The Family-Run New Orleans Restaurant That Has Bob Dylan's Stamp Of Approval

New Orleans, Louisiana, is a town known best for its music, food, art, and celebrations. There are an overwhelming number of spots serving authentic Cajun and Creole food across the city, but not all have deep cultural and political roots in the city — nor have all been endorsed by a wide range of celebrities. "We ate at Dooky Chase's Restaurant on the corner of North Miro and Orleans," Bob Dylan shared on his X account in 2024. "If you're ever there, I highly recommend it."

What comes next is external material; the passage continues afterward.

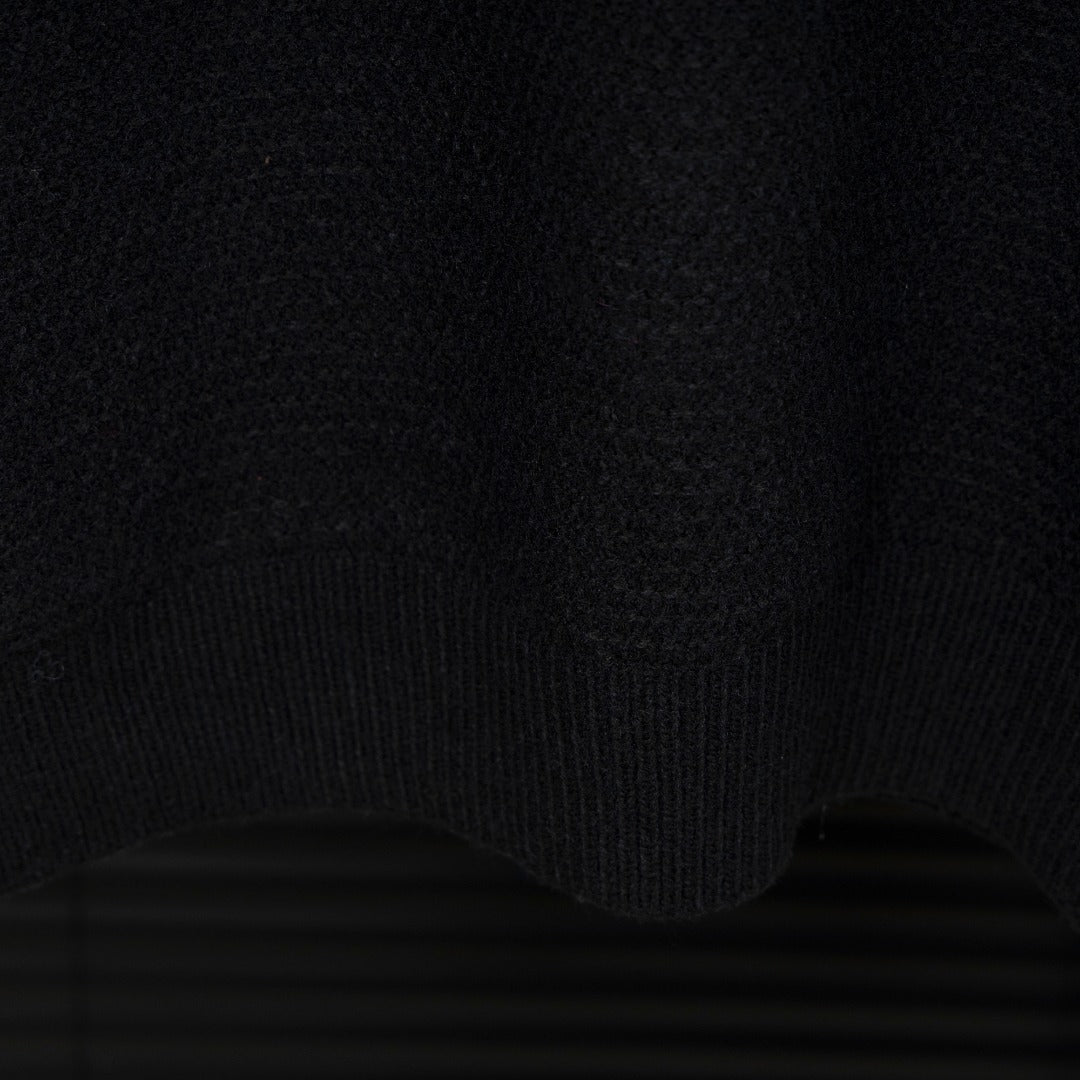 Sweater Premium “Smoke Embroidery Knit”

Dooky Chase's Restaurant in New Orleans is no stranger to celebrity endorsements. It was Ray Charles' favorite Creole restaurant, and countless stars have enjoyed a meal there, including Presidents Barack Obama and George W. Bush, media personalities like Oprah Winfrey, and singer-songwriter Beyoncé. The restaurant is famous for its signature fried chicken and gumbo, and, of course, other classic Creole dishes like crawfish étouffée, red beans and rice, and shrimp clemenceau, in which shrimp, peas, potatoes, and mushrooms are all sautéed to perfection in butter and white wine.

A family-run establishment, Dooky Chase's Restaurant, has served as a hub for community, political movements, art, and culture for almost 80 years. That's no small feat in the restaurant business. It's no wonder it got an endorsement from such a cultural icon.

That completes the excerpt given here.